Vielseitiges Entgraverfahren

Das wohl am weitesten verbreitete Verfahren. Mit Hilfe von Entgratwerkzeugen werden Grate aus den Bohrungen gearbeitet und von Kanten entfernt. Dazu gehören einfache Dreikantschaber, Bürsten und luftgetriebene Schleifer und Fräser welche von einem geschulten Entgrater von Hand bedient werden. Die Anforderungen an das Handentgraten werden oft unterschätzt. Man braucht sehr viel Gefühl für das Material, gute Feinmotorik und ein gut geschultes Auge.

Vorteil: Vielseitig und kurzfristig einsetzbar, kann oft als Nebenarbeit erledigt werden und ist so eine effiziente Variante. Es fallen meist nur geringe Vor- und Einrichtungskosten an.

Nachteil: Entgraten von komplexen Formen oder tiefen Bohrungen ist sehr aufwendig und birgt die Gefahr, dass ein Grat vergessen gehen kann, fehlende Prozesssicherheit. Dieses Entgratverfahren ist sehr personalintensiv. Kleine Ausrutscher mit dem Entgratwerkzeug können die Teile irreparabel beschädigen. Es entstehen Sekundärgrate.

Maschinelles Entgraten

kein zusätzlicher Prozess

Dieses Entgratverfahren ist direkt in den Bearbeitungsprozess eingebunden. Mit speziellen Entgratwerkzeugen und optimiertem Programmieren werden Kanten und Bohrungen entgratet und verrundet oder die Gratbildung stark reduziert. Das Werkstück kommt somit fixfertig aus dem Bearbeitungszentrum oder ist zumindest so vorentgratet, dass das Fertigentgraten kostengünstiger wird.

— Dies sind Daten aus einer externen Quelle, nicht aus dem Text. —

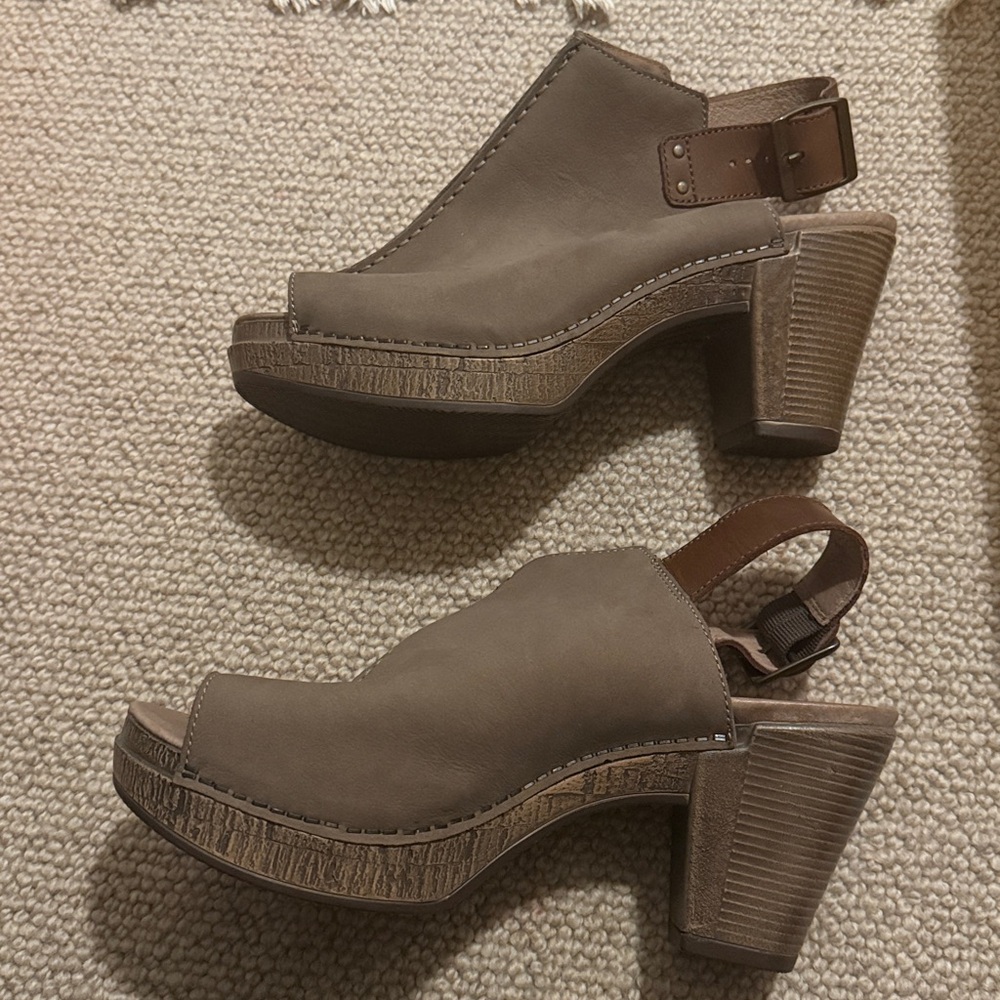 Dansko Taupe Slingback platform Sandals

Vorteil: Entgrataufwand nach der Bearbeitung wird verringert oder entfällt komplett. Ist eine optimale Vorbereitung für Entgratverfahren wie das thermische Entgraten oder Trowalisieren/Gleitschleifen.
Nachteil: Die Bearbeitungszeit auf teuren Drehautomaten oder Fräszenter wird länger, feinste Grate bleiben immer übrig oder entstehen sogar neu als Sekundärgrat.

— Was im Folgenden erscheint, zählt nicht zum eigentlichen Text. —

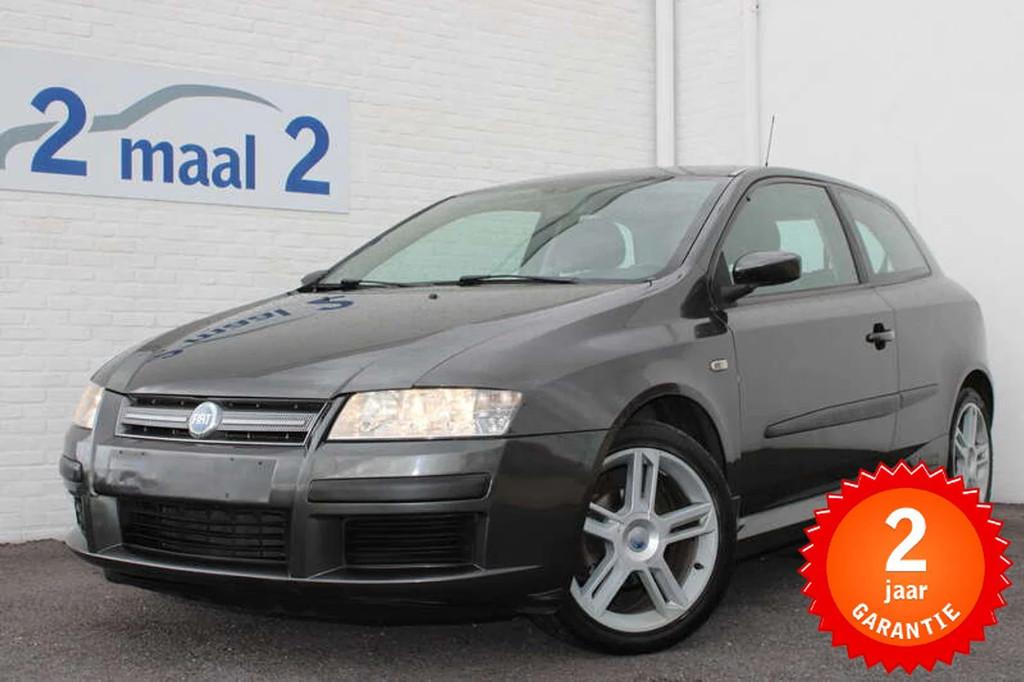 Fiat Stilo 1.4i 16v Racing inclusief 2 JAAR garantie!, Autos, Fiat, Argent ou Gris, Achat, Capteur de stationnement, Boîte manuelle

Trowalisieren / Gleitschleifen

Günstig und schnell

Das wohl bekannteste automatisierte Entgratverfahren. Die zu bearbeitenden Werkstücke werden zusammen mit Schleifkörpern (so genannten Chips) und meist einem Zusatzmittel in wässriger Lösung (Compound) als Schüttgut in einen Behälter gegeben. Durch eine oszillierende oder rotierende Bewegung des Arbeitsbehälters entsteht eine Relativbewegung zwischen Werkstück und Schleifkörper, die einen Materialabtrag am Werkstück, insbesondere an dessen Kanten, hervorruft. Unterkategorien vom Trowalisieren/Gleitschleifen sind ISF-Isotropic Superfinish, Trommelgleitschleifen, Vibrationsgleitschleifen, Tauchgleitschleifen, Schleppschleifen, Fliehkraftgleitspanen und vibrationsfreies Gleitschleifen.

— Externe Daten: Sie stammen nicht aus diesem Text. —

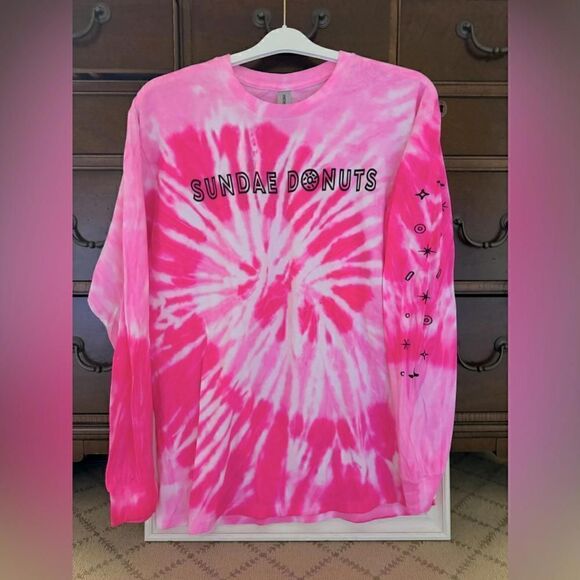Gildan tie dye long sleeved T-shirt with SUNDAE DONUTS logo on front NWOT L - Picture 1 of 10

Vorteil: Keine Vorrichtung nötig, Kanten werden verrundet, sehr rationell da die Teile oft als Schüttgut behandelt werden.

Nachteil: Komplexe Werkstückformen oder Vertiefungen werden vom Schleifkörper nicht erreicht, Grate können in die Bohrung gebogen werden. Die Oberfläche der Teile wird verändert.

Hochdruck Wasserstrahlentgraten (HDW)

Entgraten und Reinigen

Das Entgraten mit einem Hochdruckwasserstrahl ist besonders für Werkstücke aus Leichtmetall geeignet. Der Wasserstrahl wird mittels einer Lanze zu der zu entgratenden Stelle geführt. Der hohe Druck des Wasserstahls, bis über 1000 bar, entfernt die Grate gezielt an den angefahrenen Stellen.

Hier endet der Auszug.